At the Slovak Technical University in Bratislava (STU), they have accreditation of the Ministry of Education of SR for Bc, Ms (Eng) and PhD study. At the Faculty of Chemical and Food Technology of STU, there is the Ms (Eng) study program Analytical Chemistry with two separate topics (lectures, seminars) on Bioanalytical Chemistry where Jan Labuda is the lecturer.
At the Faculty, Jan Labuda is also a person responsible for the Ms (Eng) and PhD study programs entitled Medical Engineering where they have the lectures/examination on Bioanalytical Chemistry (Eng) and Clinical Laboratory Methods (PhD).
At present, Jan Labuda is a supervisor of two PhD students on Medical Engineering directed to bioanalytical chemistry and biosensors.
In Spain they are now trying to develop new postgraduate programs and, happyly, bioanalysis is one of the matters considered in almost all Master designs in chemistry and biochemistry. A similar approach to that followed in Budapest is being implemented in Complutense University of Madrid. Furthermore, Jose Pingarron is co-director of a Master on Clinical Analysis.
4. "Collect and disseminate information on educational materials and activities (such as curricula, courses, books, textbooks, etc.) which integrate analytical and bioanalytical chemistry."
George Horvai has received a copy of A. Manz et al's textbook
(Bioanalytical Chemistry (Paperback) by Andreas Manz, Nicole Pamme, Dimitri Iossifidis, ISBN: 1860943713)
and also bought a similar textbook by F. Scheller and colleagues
(Analytische Biochemie: Eine Praktische Einführung in das Messen mit Biomolekülen (Paperback) by Ulla Wollenberger, Frank F. Bier, Frieder W. Scheller, Reinhard Renneberg, ISBN: 3527301666).
Both are reasonably good, clear textbooks on undergraduate level.
Jose Pingarron also uses the Manz textbook for teaching. Other titles on the topic he has found are:
"Nanobiotechnology. Concepts, applications and perspectives", Niemeyer, Christof M./Mirkin, Chad A. (eds.), 2004 ISBN 3-527-30658-7 Wiley-VCH.

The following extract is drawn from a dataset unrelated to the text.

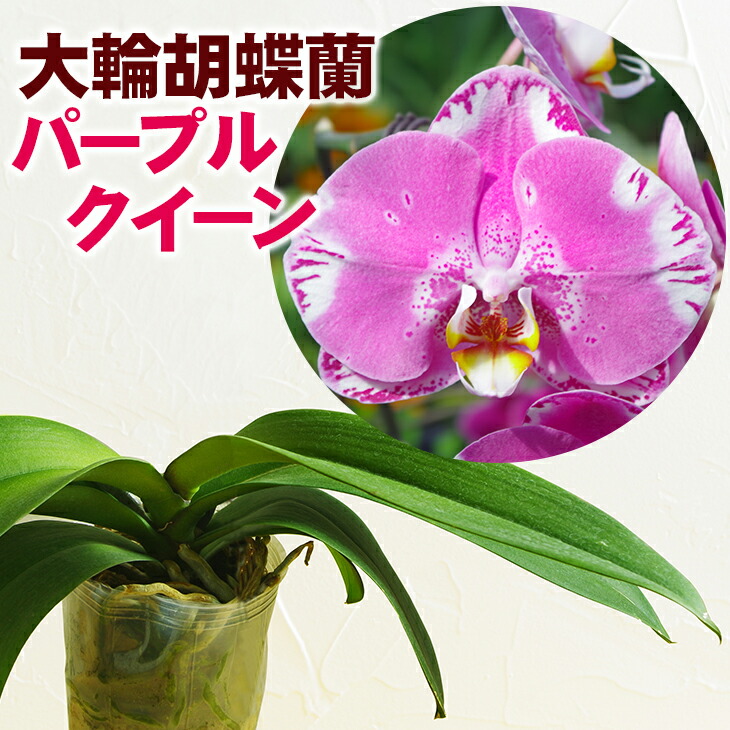 楽天市場 魅惑の花柄洋ランの苗 大輪胡蝶蘭 キングフラーズ パープルクイーン 花咲く苗セット コチョウラン洋ラン栽培セット 素焼き鉢 お花の説明書 肥料 受皿 保証書付き 胡蝶蘭の育て方 胡蝶蘭 育て方 森水木のラン屋さん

"Bioanalytical Chemistry", Susan R. Mikkelsen, Eduardo Corton, 2004, Wiley
5. "Find the important representatives of the bioanalytical community and establish links to them or convince them to join us."

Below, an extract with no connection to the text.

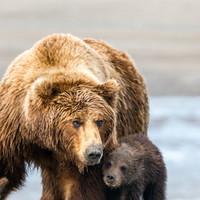 我好希望有这个目的地！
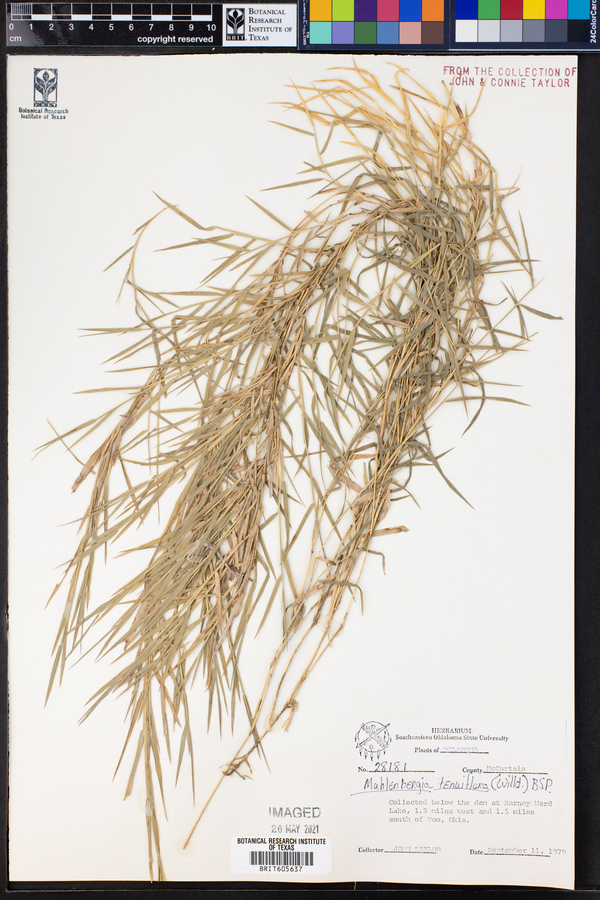 Muhlenbergia tenuiflora image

A few interesting names have been collected, partly through interviewing some colleagues internationally. This list is very provisional and needs further checks.
- Righetti (Verona),
- Abersold (Switzerland),
- Irth (Netherlands),
- Mann, Matthias (Germany),
- Nicholson, Jeremy (GB),
- Uhlen (Uppsala),
- Bonn and Guttman (Innsbruck).
- Scheller (Potsdam)
- Manz (Dortmund)
- Marko-Varga (Sweden)
- Hjerten (Sweden)
- Mascini (Florence)
- Hall, Elisabeth H. (Cambridge)
6. "Collect and disseminate information on standardization, reference materials, etc. in bioanalysis."
Hendrik Emons’ Unit at IRMM in Geel was very active (again) in research for new reference materials, international harmonization and networking at CCQM and European level (areas such as health, proteins, GMO, microbiology, pathogens,...). They reported their achievements in the Annual Report 2005 of IRMM (www.irmm.jrc.be, "what's new") under specific headings for bioanalysis/biotechnology.

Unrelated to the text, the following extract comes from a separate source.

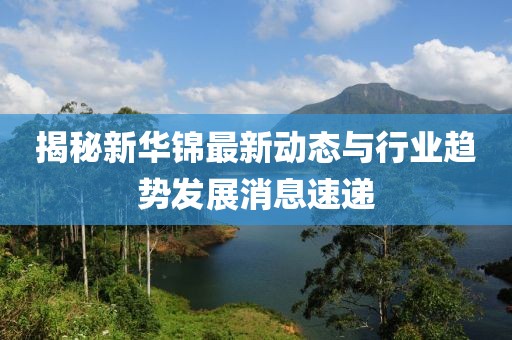 揭秘新华锦最新动态与行业趋势发展消息速递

7. We have not worked on the following agenda points:
Consider a web page for disseminating information. (A European institution or a big library with continuous funding should be persuaded.)
Try to give a definition of bioanalytical chemistry (define the range of activities and the required qualifications for specialists in bioanalytical chemistry).
Jan Labuda has been nominated to the Analytical Chemistry Division of IUPAC from 2006 for Bioanalytical Chemistry, so it seems that he shall have an opportunity to act and to transfer information between DAC EuCheMS and AC Division of IUPAC. Concerning this role at IUPAC Division, he has to act also as a member of the task group for Biological Chemistry of the Division III, Organic and Biomolecular Division.